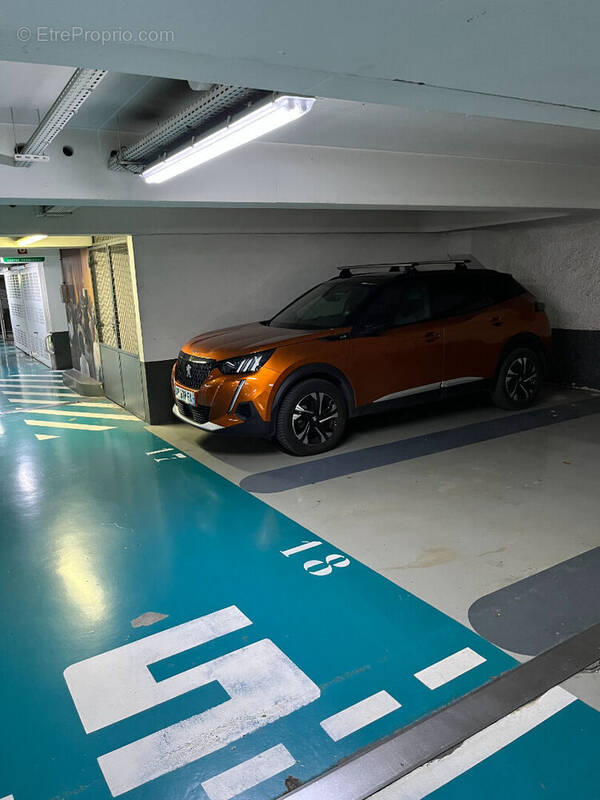 Parking à PARIS-6E
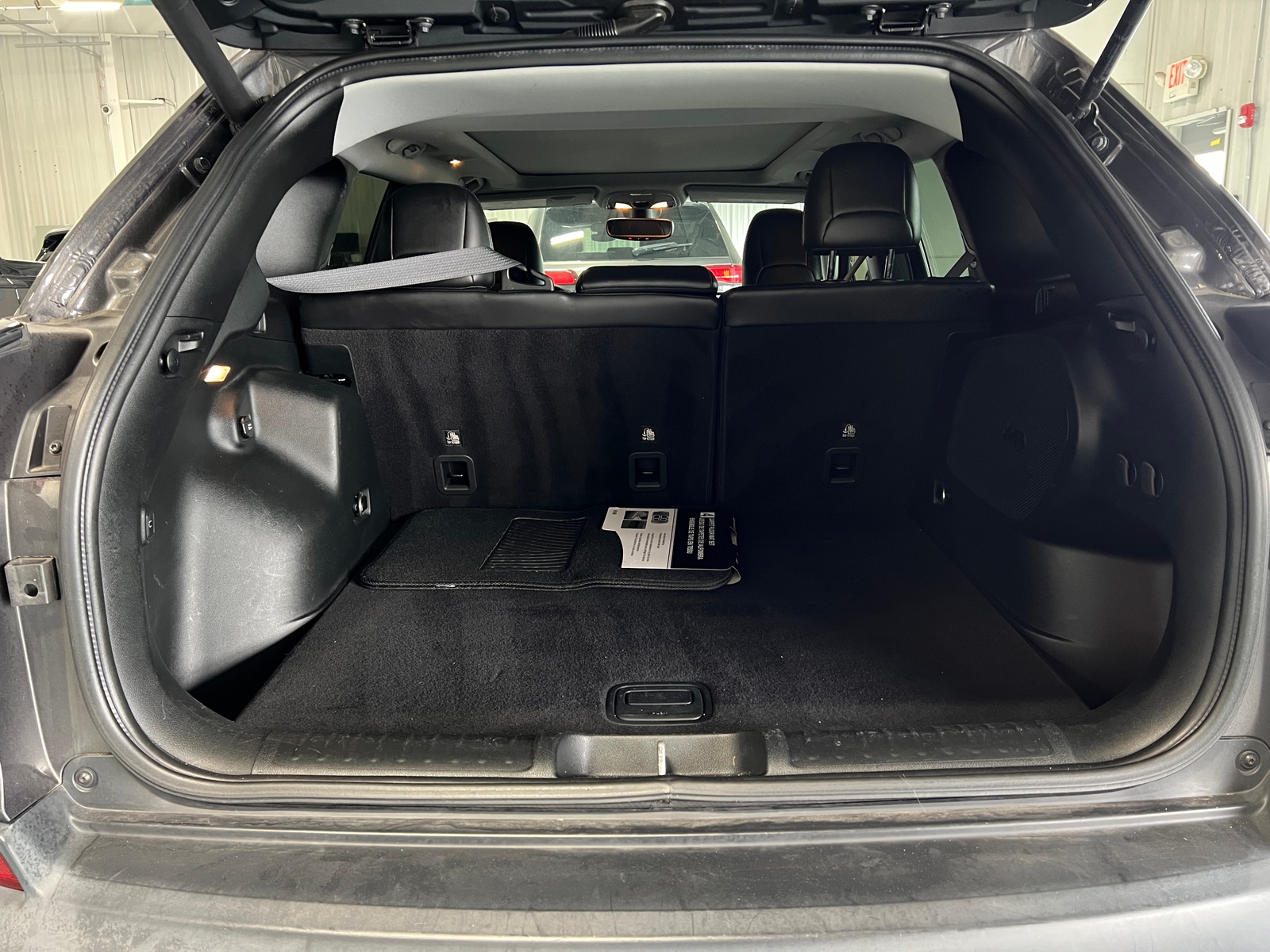 Thumbnail: 2019 Jeep Cherokee - 6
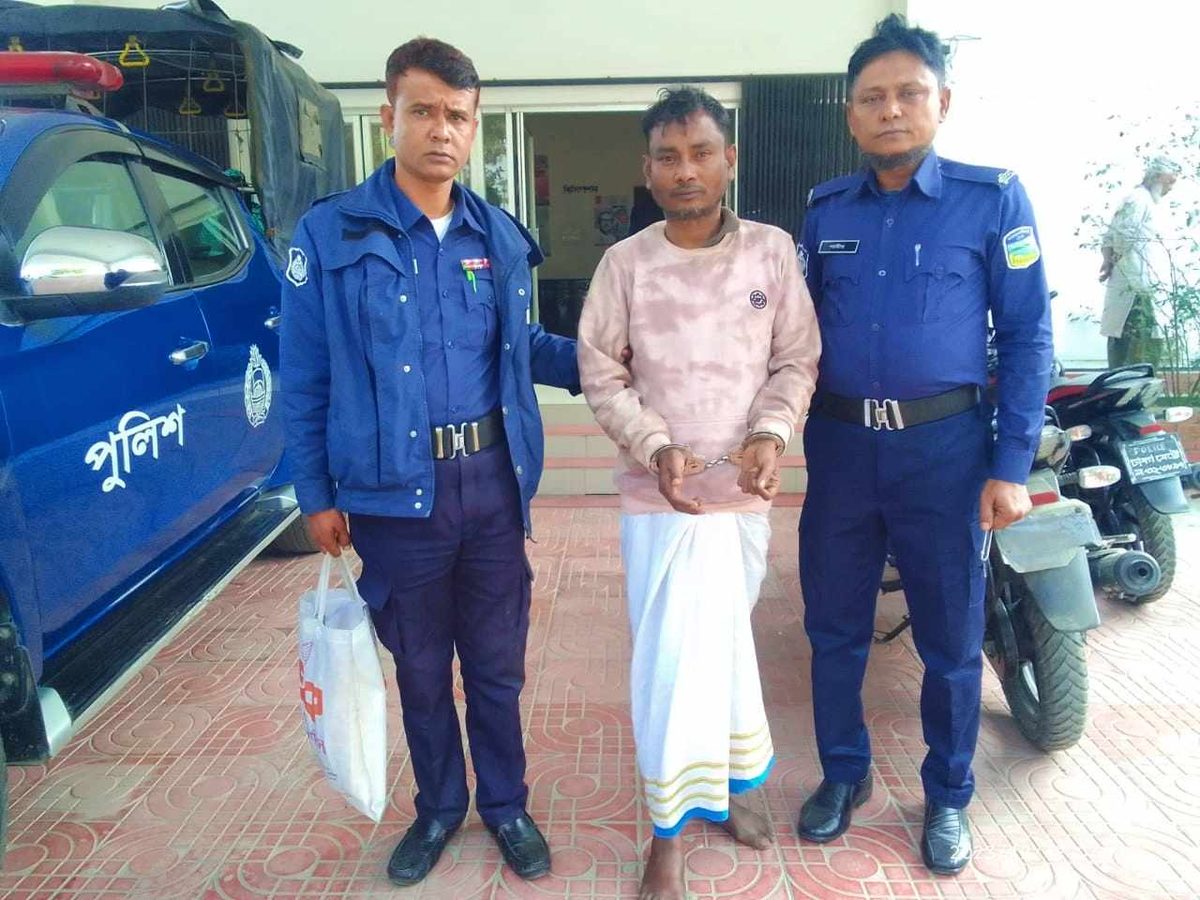 জামালপুরে গৃহবধূর ঝুলন্ত মরদেহ উদ্ধার,স্বামী গ্রেপ্তার
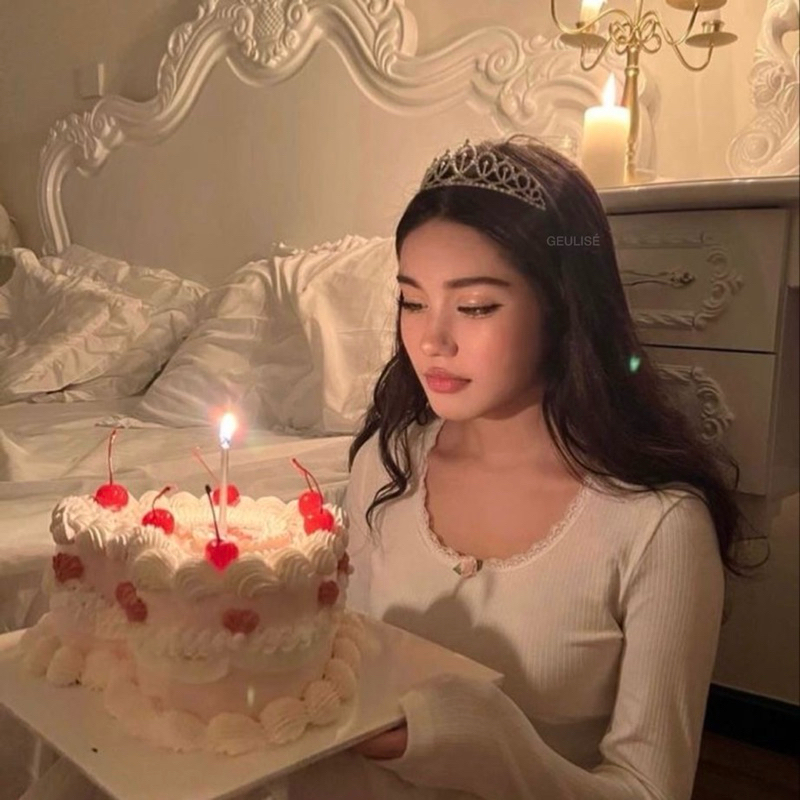 VIVIAN TIARA - Mahkota Tiara aesthetic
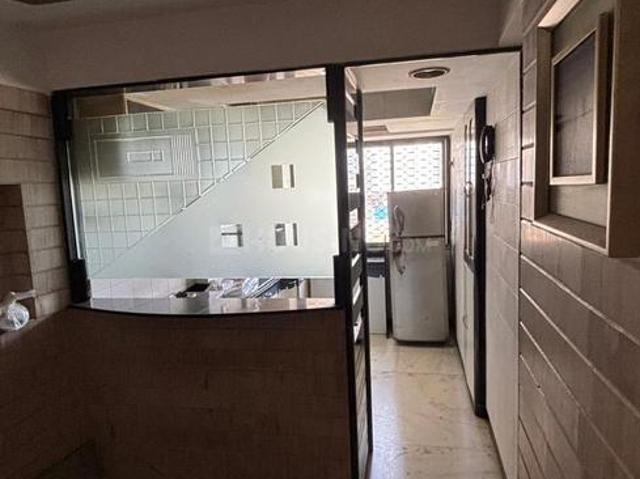 2 BHK Apartment in Parel for rent Mumbai. The reference number is 19762208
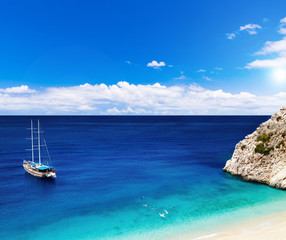 Naklejka premium Jacht w Beach Kaputas, Wybrzeże Morza Śródziemnego, Turcja
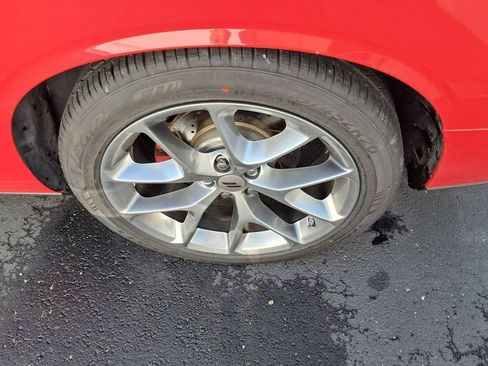 Used 2016 Dodge Challenger R/T Plus RWD image 9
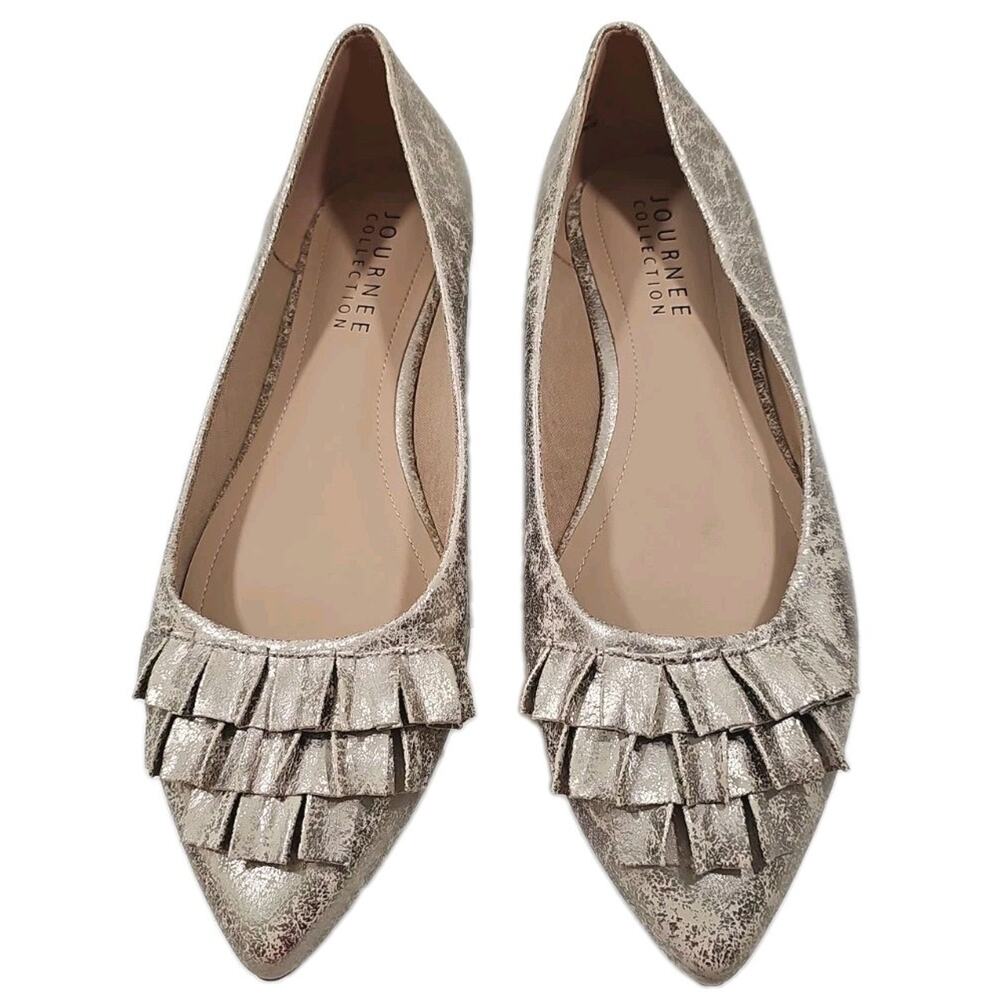 Journee Collection ~Woman Size 12M~ Judy Ruffled Ballet Flats Old Gold NWOB. - Picture 12 of 14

━━━━━━━━━━━━━━━━━━━━

#### [WORK INSTRUCTION]
Reprint every record exactly and skip the pictures.

#### [RESULT OF THIS TASK]
 Parking à PARIS-6E
 Thumbnail: 2019 Jeep Cherokee - 6
 জামালপুরে গৃহবধূর ঝুলন্ত মরদেহ উদ্ধার,স্বামী গ্রেপ্তার
 VIVIAN TIARA - Mahkota Tiara aesthetic
 2 BHK Apartment in Parel for rent Mumbai. The reference number is 19762208
 Naklejka premium Jacht w Beach Kaputas, Wybrzeże Morza Śródziemnego, Turcja
 Used 2016 Dodge Challenger R/T Plus RWD image 9
 Journee Collection ~Woman Size 12M~ Judy Ruffled Ballet Flats Old Gold NWOB. - Picture 12 of 14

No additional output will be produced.